Repeat the listing below word for word, minus the pictures.

INPUT DATA:
══════

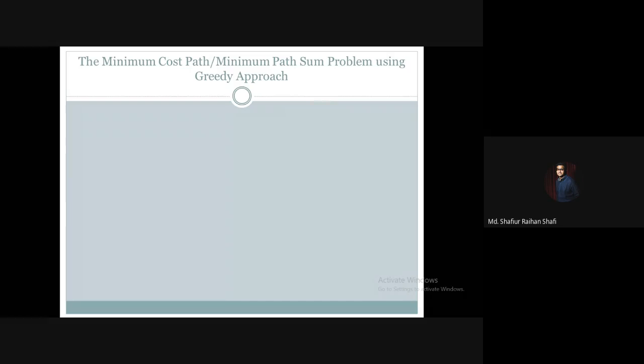Hello there, welcome to the advanced algorithm course. In this tutorial, we're going to see how we can solve the minimum cost path or the minimum path sum problem using the greedy approach, and decide if the greedy approach will be the right choice for solving this problem.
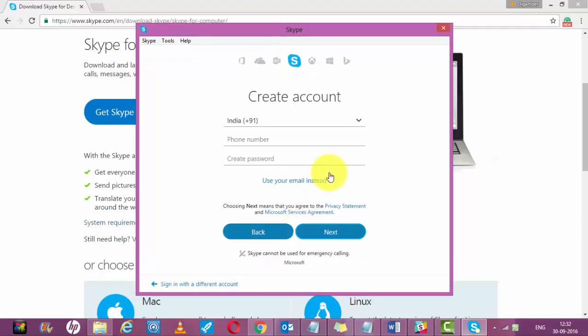You can create your account using your phone number. It's very easy. You just need to enter your phone number, set up a password, and you will get a one-time password in your mobile to validate your account.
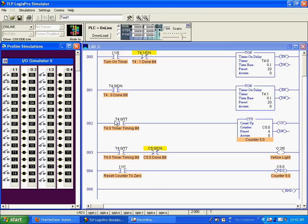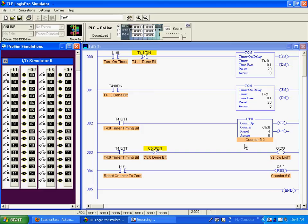When this goes from a false to true condition, it increments our counter. Our preset is 4, so after 4 cycles, or 4 counts of this counter, its done bit right here will go false.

══════

YOUR SOLUTION:
Hello there, welcome to the advanced algorithm course. In this tutorial, we're going to see how we can solve the minimum cost path or the minimum path sum problem using the greedy approach, and decide if the greedy approach will be the right choice for solving this problem.
You can create your account using your phone number. It's very easy. You just need to enter your phone number, set up a password, and you will get a one-time password in your mobile to validate your account.
When this goes from a false to true condition, it increments our counter. Our preset is 4, so after 4 cycles, or 4 counts of this counter, its done bit right here will go false.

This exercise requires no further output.